> **Given material**:
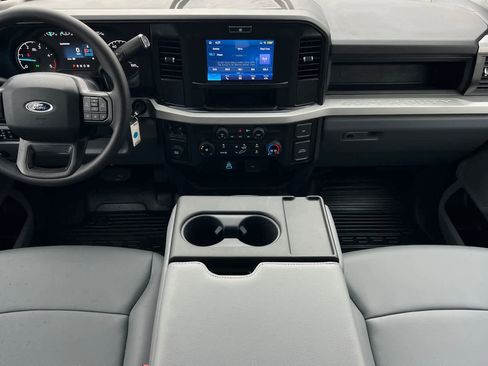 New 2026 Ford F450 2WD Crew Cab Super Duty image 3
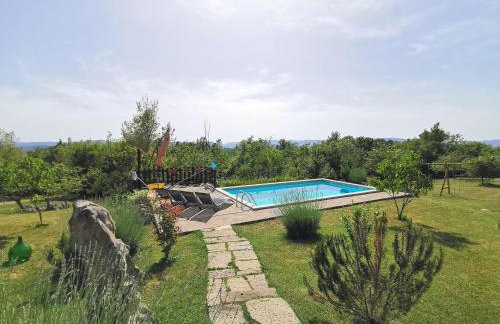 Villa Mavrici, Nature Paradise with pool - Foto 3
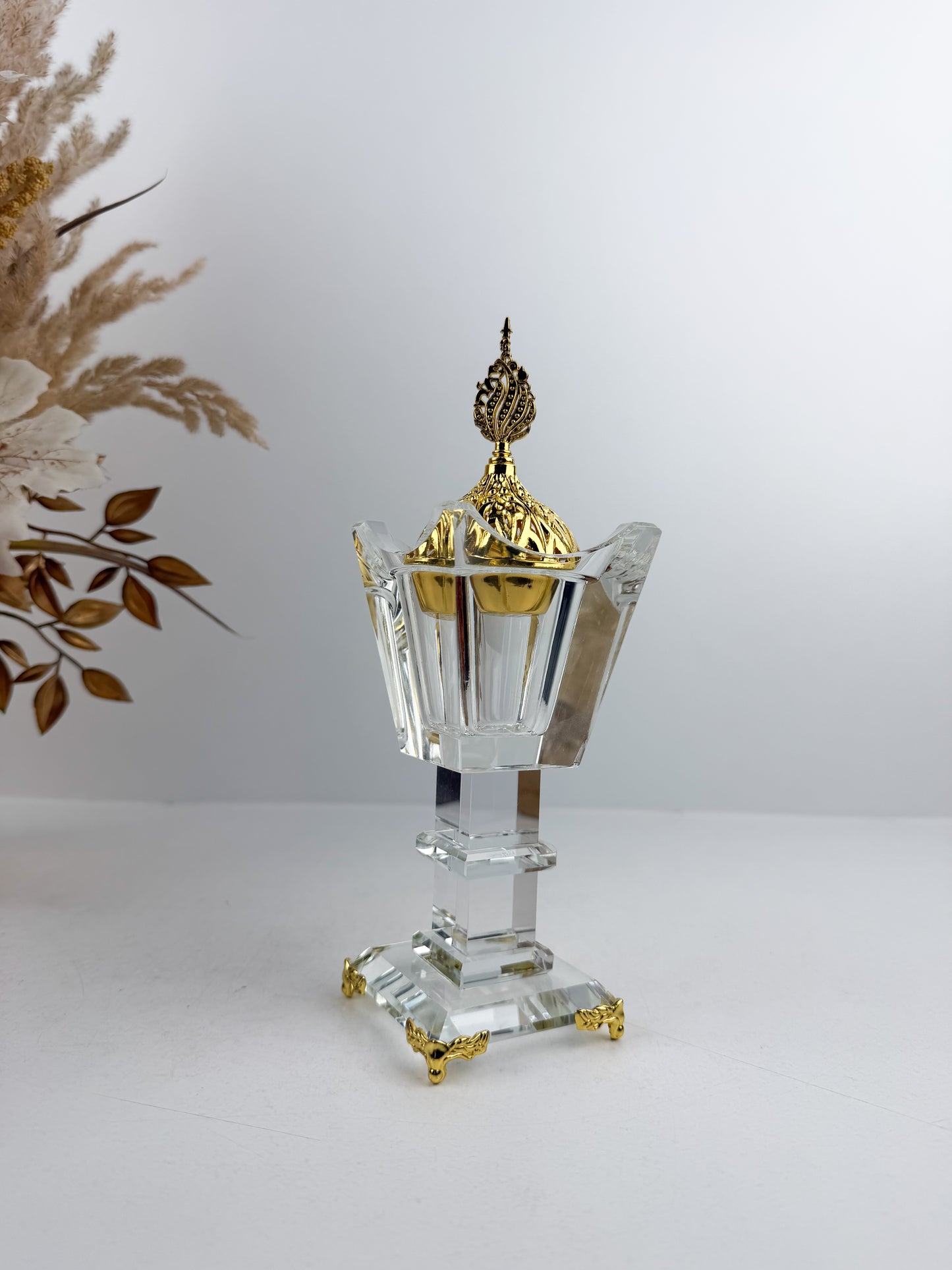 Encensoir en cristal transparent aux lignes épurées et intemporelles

> **Description of the task**: An exact copy of the listing is required; return it without any pictures.

> **Output below**:
 New 2026 Ford F450 2WD Crew Cab Super Duty image 3
 Villa Mavrici, Nature Paradise with pool - Foto 3
 Encensoir en cristal transparent aux lignes épurées et intemporelles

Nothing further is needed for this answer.